JST/JICAの地球規模課題対応国際科学技術協力プログラム(SATREPS)によるインドプロジェクトにおいて,インド・ヒンドスタン平野の強震動予測研究を進めている.同じくインドネシアプロジェクトでは,インドネシア・バンドン盆地における強震動予測研究を担当した.また,文部科学省の首都直下地震防災・減災特別プロジェクトにおいても首都直下地震の強震動予測研究を担当し,同じくひずみ集中帯の重点的調査観測・研究プロジェクトでは江戸時代後期に発生した三条地震の強震動評価を行った.

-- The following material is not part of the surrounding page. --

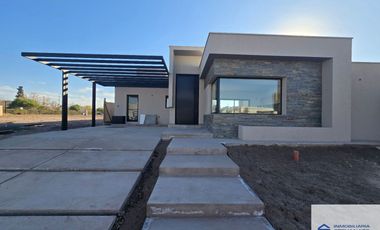 Casa en venta de 3 dormitorios c/ cochera en Russell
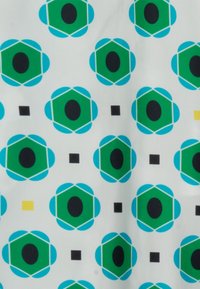 Tessuto con motivo che presenta forme geometriche in teal, verde e nero su uno sfondo bianco. Include esagoni, cerchi e quadrati.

(4) 大規模3次元地震波動伝播シミュレーション技法の開発

京コンピュータ等の高性能スパコンを用いた,大規模・高精度の地震波動伝播シミュレーションの実用化に向けて,運動方程式の差分法計算に基づく並列シミュレーションコードを開発し,京コンピュータの最大ノード数(82,944CPU)を用いた超並列計算において,2.0PFLOPSの高い実効性能を得た(図6).これにより,従来の地球シミュレータを用いた地震動計算(39 TFLOPS)の約50倍の演算性能が実現し,地震動シミュレーションの分解能(格子間隔,周波数)を2.5倍高めた計算が実用化した.本シミュレーションコードを用いて,2011年東北地方太平洋沖地震の強震動の再現計算や,南海トラフ巨大地震の揺れの予測計算を開始した.